Hmmm...interesting.  I'm just glad someone read this, so all of my typing didn't fall on deaf ears...or in our case, not seen by blind eyes.


----------



## Studawg170

Thanks....Had two cans in my pocket one August  and the other May

And I purchased both of them today


----------



## bpryor

Tomahawk1088 said:


> Interesting. I read an article about how that was done with beer. Also, people say the number on the bottom of the Grizz can is the quality of the dip with 0 the best and higher numbers worse.



i've never believed that personally. its grizzly, so its never gonna be high quality, but if it were, why would they put that on the can? and i had cans that tasted the same, had the same effect, but the numbers were opposite. thats just my opinion though lol


----------



## scandmx5

Studawg170 said:


> Thanks....Had two cans in my pocket one August  and the other May
> 
> And I purchased both of them today



Good deal, well dry dip but now you know....this should be a sticky hahah


----------



## willc2412

Thats why I dip copenhagen its easy to tell how fresh it is


----------



## Core Lokt

Sept 2012 for mine. That seems pretty dang fresh!!!


----------



## scandmx5

Core Lokt said:


> Sept 2012 for mine. That seems pretty dang fresh!!!

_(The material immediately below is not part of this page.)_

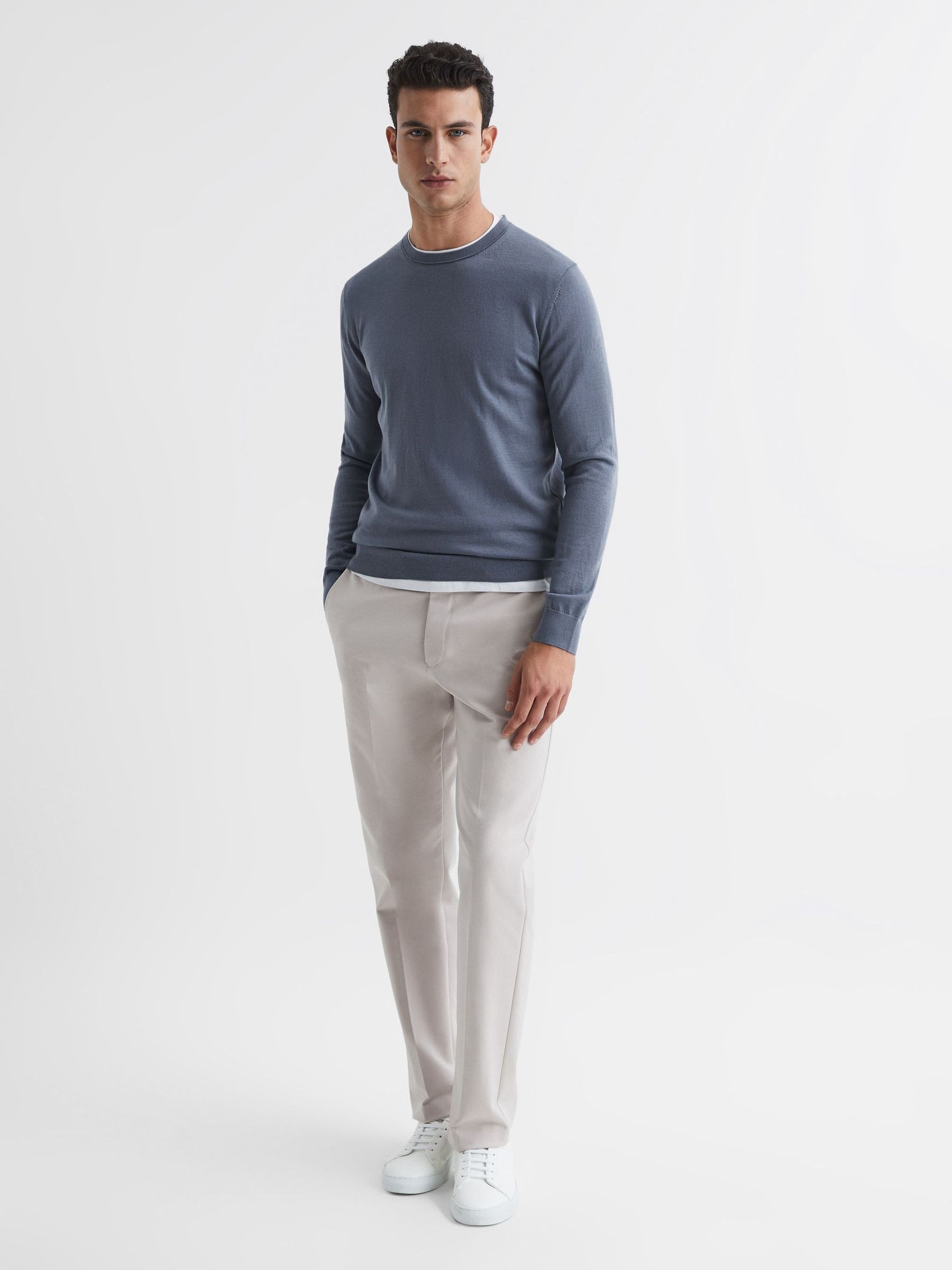 Merino Wool Jumper in Nickel Blue - Image 3 of 7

Beings how some of us have May and August, I'd say yeah! lol


----------



## dipperdandy

*grizzly dates (dry grizzly)*

Of course all would like Grizzly to be moist all the time. However that is not always the case. I solved it by following what my Grandfather did. He was a tobacco farmer most of his life. He used tobacco in every form. He rolled his own whether cigarettes, cigars, pipe, chew or dip.
As a young man I remember there was always a few twists hanging near the fireplace. To keep his pouch tobacco moist he would trim a small piece of apple and insert it in with the tobacco. I don't care that much for apples so a very small splash of diet Pepsi or coffee keeps mine moist to the end of the can.


----------



## Hooked On Quack

digging up some bonezzzzzzzzz...


----------



## nickel back

dipperdandy said:


> Of course all would like Grizzly to be moist all the time. However that is not always the case. I solved it by following what my Grandfather did. He was a tobacco farmer most of his life. He used tobacco in every form. He rolled his own whether cigarettes, cigars, pipe, chew or dip.
> As a young man I remember there was always a few twists hanging near the fireplace. To keep his pouch tobacco moist he would trim a small piece of apple and insert it in with the tobacco. I don't care that much for apples so a very small splash of diet Pepsi or coffee keeps mine moist to the end of the can.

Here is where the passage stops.